Y por que no usas servos son mas baratos y pesan menos ademas un motor paso a paso consumira mas. puedes usar los lb293,298 que son drivers de control.
ademas para un paso a paso necesitarias 4 señales, para un servo una.
saludos


----------



## picfffff (Ene 20, 2008)

Gracias por la respuesta tan rápida. La razón de haber pensado en usar motores paso a paso es para poder girar 90º exactos.

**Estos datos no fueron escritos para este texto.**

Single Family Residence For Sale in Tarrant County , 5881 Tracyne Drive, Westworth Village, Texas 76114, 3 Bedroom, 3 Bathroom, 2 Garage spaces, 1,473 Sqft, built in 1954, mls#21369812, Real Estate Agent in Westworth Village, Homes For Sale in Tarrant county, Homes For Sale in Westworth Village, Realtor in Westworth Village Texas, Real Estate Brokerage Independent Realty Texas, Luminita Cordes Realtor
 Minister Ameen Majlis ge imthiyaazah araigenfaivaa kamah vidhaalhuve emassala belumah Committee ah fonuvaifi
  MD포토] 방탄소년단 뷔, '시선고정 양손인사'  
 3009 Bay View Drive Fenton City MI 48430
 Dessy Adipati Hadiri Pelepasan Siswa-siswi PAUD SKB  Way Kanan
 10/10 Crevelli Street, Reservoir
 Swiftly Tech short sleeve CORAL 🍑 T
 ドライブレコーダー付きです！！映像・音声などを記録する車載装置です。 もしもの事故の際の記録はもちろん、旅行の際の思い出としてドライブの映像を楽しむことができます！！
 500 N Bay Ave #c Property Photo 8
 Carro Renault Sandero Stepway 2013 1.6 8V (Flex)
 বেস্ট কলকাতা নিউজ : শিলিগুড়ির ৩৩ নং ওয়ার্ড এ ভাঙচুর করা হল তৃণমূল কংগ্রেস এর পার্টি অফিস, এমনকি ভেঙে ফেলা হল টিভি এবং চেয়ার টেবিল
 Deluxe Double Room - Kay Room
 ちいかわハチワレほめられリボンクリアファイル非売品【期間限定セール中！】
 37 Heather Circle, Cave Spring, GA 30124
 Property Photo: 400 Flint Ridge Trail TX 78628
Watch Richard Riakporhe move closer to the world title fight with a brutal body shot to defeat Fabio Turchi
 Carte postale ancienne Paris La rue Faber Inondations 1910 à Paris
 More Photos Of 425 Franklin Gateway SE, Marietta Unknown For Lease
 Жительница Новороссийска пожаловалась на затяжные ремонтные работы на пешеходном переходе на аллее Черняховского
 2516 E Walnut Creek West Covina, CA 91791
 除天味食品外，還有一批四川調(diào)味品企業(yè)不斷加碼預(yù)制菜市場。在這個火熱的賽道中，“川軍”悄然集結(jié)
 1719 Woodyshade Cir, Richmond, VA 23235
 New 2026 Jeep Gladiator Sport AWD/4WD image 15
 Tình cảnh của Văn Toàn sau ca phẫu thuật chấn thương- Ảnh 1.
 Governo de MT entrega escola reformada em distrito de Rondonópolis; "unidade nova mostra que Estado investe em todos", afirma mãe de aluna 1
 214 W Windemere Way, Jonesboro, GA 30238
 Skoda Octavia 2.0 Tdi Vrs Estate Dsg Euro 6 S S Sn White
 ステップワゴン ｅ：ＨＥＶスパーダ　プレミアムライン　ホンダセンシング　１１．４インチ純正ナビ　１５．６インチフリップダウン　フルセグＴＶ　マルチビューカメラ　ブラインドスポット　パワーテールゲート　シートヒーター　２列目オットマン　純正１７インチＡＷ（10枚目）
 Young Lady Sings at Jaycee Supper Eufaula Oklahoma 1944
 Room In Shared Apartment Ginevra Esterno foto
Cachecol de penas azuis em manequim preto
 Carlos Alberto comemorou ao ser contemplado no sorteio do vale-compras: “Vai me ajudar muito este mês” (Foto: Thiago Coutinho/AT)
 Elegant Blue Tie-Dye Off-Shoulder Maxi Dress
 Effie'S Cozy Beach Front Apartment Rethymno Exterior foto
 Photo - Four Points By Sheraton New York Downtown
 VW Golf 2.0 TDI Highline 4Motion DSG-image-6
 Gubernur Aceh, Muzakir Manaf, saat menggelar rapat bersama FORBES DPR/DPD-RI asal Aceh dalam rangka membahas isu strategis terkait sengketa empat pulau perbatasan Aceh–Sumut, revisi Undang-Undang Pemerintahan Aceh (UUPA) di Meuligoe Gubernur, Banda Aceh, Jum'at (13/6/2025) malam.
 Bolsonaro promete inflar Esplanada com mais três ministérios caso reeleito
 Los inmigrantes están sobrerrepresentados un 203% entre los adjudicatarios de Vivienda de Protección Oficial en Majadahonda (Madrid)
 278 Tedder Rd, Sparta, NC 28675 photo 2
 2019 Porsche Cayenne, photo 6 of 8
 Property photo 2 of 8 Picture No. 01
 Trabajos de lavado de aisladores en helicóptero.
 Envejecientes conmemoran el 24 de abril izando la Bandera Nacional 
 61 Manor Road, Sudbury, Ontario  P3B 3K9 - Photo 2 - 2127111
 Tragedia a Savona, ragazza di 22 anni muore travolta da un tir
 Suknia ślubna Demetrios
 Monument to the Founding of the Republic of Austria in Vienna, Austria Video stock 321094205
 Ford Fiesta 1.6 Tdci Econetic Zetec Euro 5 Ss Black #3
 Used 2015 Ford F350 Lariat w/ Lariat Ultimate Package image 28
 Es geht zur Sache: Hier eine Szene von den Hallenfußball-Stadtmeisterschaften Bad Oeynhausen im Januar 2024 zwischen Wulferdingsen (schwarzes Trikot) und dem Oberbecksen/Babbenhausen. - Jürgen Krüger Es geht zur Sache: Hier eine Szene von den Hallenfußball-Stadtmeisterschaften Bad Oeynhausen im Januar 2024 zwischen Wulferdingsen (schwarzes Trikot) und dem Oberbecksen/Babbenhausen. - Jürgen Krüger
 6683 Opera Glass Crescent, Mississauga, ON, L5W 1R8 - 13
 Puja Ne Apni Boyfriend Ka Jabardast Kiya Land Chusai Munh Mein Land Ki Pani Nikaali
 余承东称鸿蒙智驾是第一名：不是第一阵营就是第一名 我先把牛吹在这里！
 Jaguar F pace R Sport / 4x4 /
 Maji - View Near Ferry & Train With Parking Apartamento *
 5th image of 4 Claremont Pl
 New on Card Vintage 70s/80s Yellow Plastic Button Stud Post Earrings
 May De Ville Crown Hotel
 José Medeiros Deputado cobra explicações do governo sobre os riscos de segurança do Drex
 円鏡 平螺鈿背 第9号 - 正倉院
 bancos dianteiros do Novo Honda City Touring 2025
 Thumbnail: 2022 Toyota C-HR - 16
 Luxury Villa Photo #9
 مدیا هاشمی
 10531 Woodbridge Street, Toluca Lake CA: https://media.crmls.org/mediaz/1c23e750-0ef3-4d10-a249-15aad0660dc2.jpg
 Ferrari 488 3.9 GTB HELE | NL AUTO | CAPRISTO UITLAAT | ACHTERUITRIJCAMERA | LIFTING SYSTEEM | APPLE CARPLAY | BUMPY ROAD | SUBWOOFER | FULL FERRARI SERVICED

Las paredes del laberinto tiene posicionadas todas sus paredes a 90º. Tiene una entrada en cada lado, ya que es un cuadrado, y se trata de entrar por una de las entradas (se sortea justo antes de comenzar) y salir por la del frente. E laberinto es conocido con anterioridad, por ello mi intención era la de programar los 4 posibles caminos y justo antes de la prueba indicarle al robot el camino que tiene que hacer mediante 2 microinterruptores, y para ello la forma más fácil que se me había ocurrido era darle instrucciones tipo "anda recto hasta encontrar un hueco a tu derecha", "gira a la derecha", etc. No sé si me explico... De esta forma, al girar 90º exactos apenas habría desviación.


----------



## Residente (Ene 20, 2008)

Bueno con unos motores de CC tambien lo podrias hacer fijate en el video:

YouTube - Primeros pasos

ese es un robot para laberinto como el que tu quieres hacer y gira los 90º perfecto.


----------



## Andres Cuenca (Ene 20, 2008)

picfffff dijo:
			
		

> Gracias por la respuesta tan rápida. La razón de haber pensado en usar motores paso a paso es para poder girar 90º exactos.



Con servos se puede obtener una precisión de alcanza el medio grado.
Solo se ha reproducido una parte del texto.